As far as we know all the courts generally hold that in a case of the kind, assault with intent to ravish, it may be shown by the prosecuting witness, or by other witnesses, that the prosecutrix made complaint of the offense soon after its commission. The reason given for such, and a logical reason, is that such evidence indicates the truth of the charge and is corroborative of such charge.
Here we have the child alone making the statements to the jury, and it isn't the statement she made to the little girl or anyone else, and the fact that she made this statement to the little girl is not offered as corroborative evidence at all (it is not offered for that purpose) but as substantive evidence of her as a direct statement of what happened. Under such a situation, this, of course, makes it a question for the jury as to her credibility. There is a very close relationship between such statements made immediately after to someone else and that of the person when offered for corroborative purposes, and, of course, a long delay in making such statements is shown as casting doubt upon the truth of the accusation. Insofar as such statements are made under such circumstances of spontaneity as to preclude fabrication they are generally admissible, but here we do not have the statements made for this purpose.

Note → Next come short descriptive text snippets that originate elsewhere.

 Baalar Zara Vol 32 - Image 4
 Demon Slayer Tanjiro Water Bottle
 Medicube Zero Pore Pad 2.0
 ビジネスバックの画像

Objection, obviously, was made to the prosecutrix relating these two other occurrences in Mississippi and in the home. These objections were overruled and properly so. "In most jurisdictions it is recognized that in prosecutions for statutory rape, or rape of a female under the age of consent or otherwise unable to consent, evidence is admissible which tends to show prior offenses of the same kind committed by the defendant with the prosecuting witness, such evidence being admitted in corroboration of the offense charged or to prove identity, and not to prove a separate offense." Wharton's Criminal Evidence, Vol. 1, Section 242, page 547. Under this quoted statement is a note which cites cases from most State jurisdictions including that of Vinson v. State, 140 Tenn. 70, 203 S.W. 338. This is certainly the rule in Tennessee and there can be no objections to it.

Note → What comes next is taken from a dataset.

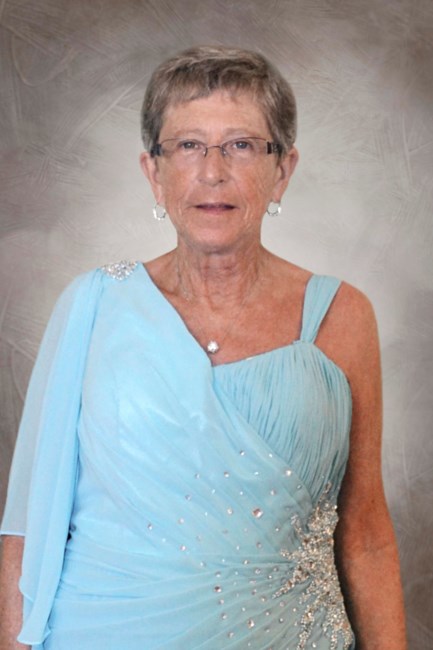 Obituary of Claudette Smith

A number of assignments of error were made herein which were not included in the motion for a new trial. The present counsel who have so ably briefed and presented this appeal in oral argument were not of counsel in the trial court. We, of course, cannot consider these assignments which were not incorporated in the motion for a new trial or were not in any manner brought to the attention of the trial judge because under Rule 14, paragraph (5), as reported in 185 Tenn., and under the case of Hobbs v. State, 121 Tenn. 413, 118 S.W. 262, when the assignments are not included in the motion for a new trial we should not consider them.
Regardless of this fact and in an abundance of precaution to see that this man has had a fair trial, we have looked at these assignments and very carefully read the record and find that the evidence with ample corroboration overwhelmingly supports the conviction. From what was just said it is perfectly obvious that we do not find that the evidence preponderates against the verdict of the jury, the plaintiff in error coming here with a presumption of guilt and the burden being on him to overcome that presumption in this Court.
One of these assignments that we cannot consider is the fact that the trial judge did not charge the jury as to the weight to be given this testimony when it was not disclosed until some six months after the event happened. There was no request below that such an instruction be *319 given. The substantive law does not require that such a charge be given unless requested, and where the facts clearly show that these things were considered by the jury, as is shown by reading the evidence of the plaintiff in error himself when he emphasized several times in answers to questions the delay of the child in ever telling this, all of which convinces us that there was no error in the failure to give such a charge.
We have carefully considered the entire matter and find for the reasons above stated and there is no reversible error in this record and the judgment must be affirmed.